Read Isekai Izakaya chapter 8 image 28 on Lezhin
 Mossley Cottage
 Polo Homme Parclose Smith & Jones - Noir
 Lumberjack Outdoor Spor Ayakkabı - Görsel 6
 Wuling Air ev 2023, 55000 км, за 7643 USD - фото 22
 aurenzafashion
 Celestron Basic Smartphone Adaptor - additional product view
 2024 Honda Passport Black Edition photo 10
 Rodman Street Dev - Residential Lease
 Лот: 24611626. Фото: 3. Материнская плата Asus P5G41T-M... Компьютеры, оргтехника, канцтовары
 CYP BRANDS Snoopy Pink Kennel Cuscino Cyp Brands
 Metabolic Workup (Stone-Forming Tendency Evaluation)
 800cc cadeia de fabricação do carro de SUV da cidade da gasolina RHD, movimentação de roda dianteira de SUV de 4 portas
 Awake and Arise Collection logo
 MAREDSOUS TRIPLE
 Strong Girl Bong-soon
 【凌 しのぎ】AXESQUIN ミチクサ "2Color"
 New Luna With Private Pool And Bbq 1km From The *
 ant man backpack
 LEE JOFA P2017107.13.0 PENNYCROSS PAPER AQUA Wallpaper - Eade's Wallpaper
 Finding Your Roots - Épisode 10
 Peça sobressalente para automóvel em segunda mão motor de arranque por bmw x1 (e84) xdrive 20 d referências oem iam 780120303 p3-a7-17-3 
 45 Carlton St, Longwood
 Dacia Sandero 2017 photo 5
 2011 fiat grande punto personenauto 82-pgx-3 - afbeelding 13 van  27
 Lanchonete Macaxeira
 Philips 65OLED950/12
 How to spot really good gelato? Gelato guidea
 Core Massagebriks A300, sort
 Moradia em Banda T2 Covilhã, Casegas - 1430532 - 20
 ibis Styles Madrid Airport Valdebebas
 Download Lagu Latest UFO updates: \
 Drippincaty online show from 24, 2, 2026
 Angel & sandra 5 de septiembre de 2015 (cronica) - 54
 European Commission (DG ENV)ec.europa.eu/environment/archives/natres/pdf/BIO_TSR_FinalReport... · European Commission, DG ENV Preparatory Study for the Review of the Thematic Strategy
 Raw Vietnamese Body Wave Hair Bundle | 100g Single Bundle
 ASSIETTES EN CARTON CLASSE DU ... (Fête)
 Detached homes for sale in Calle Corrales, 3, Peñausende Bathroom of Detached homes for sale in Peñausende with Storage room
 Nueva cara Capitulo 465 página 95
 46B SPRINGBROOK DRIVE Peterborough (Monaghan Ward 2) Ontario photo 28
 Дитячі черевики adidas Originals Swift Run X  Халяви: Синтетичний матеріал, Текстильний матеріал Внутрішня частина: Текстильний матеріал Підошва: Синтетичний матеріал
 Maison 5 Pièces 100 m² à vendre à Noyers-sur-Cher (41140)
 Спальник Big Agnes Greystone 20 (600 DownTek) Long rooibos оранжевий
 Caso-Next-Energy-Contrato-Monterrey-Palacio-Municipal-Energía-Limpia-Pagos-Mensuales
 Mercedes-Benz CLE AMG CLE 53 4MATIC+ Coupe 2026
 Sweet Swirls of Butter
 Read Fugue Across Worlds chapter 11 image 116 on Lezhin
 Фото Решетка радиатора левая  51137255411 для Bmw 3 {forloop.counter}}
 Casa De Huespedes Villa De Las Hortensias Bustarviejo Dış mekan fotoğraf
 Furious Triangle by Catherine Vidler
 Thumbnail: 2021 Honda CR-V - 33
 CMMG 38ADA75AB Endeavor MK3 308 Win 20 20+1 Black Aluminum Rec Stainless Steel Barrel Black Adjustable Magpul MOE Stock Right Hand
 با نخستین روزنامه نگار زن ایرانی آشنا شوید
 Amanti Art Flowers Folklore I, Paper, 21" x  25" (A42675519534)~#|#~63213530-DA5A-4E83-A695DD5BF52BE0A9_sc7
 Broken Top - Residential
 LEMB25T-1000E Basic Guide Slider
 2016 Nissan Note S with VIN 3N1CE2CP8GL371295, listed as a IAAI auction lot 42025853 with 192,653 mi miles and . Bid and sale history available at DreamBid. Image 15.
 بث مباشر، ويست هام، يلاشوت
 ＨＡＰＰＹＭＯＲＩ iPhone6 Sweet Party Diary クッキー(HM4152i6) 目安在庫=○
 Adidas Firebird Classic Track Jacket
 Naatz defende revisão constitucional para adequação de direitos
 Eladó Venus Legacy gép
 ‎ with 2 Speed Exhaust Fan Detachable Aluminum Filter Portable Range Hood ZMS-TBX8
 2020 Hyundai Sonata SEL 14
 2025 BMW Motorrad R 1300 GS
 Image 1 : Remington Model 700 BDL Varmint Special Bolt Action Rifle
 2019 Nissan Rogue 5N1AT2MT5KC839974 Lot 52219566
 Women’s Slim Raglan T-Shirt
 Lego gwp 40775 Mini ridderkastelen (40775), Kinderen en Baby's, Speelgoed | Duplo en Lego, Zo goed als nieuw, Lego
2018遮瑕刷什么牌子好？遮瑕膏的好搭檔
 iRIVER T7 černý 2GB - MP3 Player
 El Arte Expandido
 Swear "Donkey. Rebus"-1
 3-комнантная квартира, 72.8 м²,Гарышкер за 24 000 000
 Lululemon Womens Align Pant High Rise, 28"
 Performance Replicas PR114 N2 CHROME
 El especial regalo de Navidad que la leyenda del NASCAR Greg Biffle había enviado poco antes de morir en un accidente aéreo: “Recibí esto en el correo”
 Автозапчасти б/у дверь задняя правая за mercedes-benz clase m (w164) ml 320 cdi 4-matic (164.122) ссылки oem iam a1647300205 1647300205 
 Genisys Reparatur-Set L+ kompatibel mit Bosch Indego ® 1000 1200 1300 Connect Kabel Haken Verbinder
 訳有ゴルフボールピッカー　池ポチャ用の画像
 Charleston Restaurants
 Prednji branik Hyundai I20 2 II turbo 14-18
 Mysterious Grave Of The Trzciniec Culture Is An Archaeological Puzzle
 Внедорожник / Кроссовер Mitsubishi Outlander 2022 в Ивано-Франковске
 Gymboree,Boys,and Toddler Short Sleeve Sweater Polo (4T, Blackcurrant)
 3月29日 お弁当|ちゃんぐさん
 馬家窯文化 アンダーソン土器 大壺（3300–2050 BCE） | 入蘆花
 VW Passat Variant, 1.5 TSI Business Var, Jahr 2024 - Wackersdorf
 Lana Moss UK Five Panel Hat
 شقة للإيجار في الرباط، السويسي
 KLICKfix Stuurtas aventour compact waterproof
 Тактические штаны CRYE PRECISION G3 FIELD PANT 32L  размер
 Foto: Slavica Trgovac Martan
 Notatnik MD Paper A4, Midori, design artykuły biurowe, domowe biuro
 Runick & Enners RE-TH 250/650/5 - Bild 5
..........
> **ABOUT THIS TASK**:
Some lines above hold the word "Aluminum". Copy all of them.

> **SOLUTION FOR THIS TASK**:
 CMMG 38ADA75AB Endeavor MK3 308 Win 20 20+1 Black Aluminum Rec Stainless Steel Barrel Black Adjustable Magpul MOE Stock Right Hand
 ‎ with 2 Speed Exhaust Fan Detachable Aluminum Filter Portable Range Hood ZMS-TBX8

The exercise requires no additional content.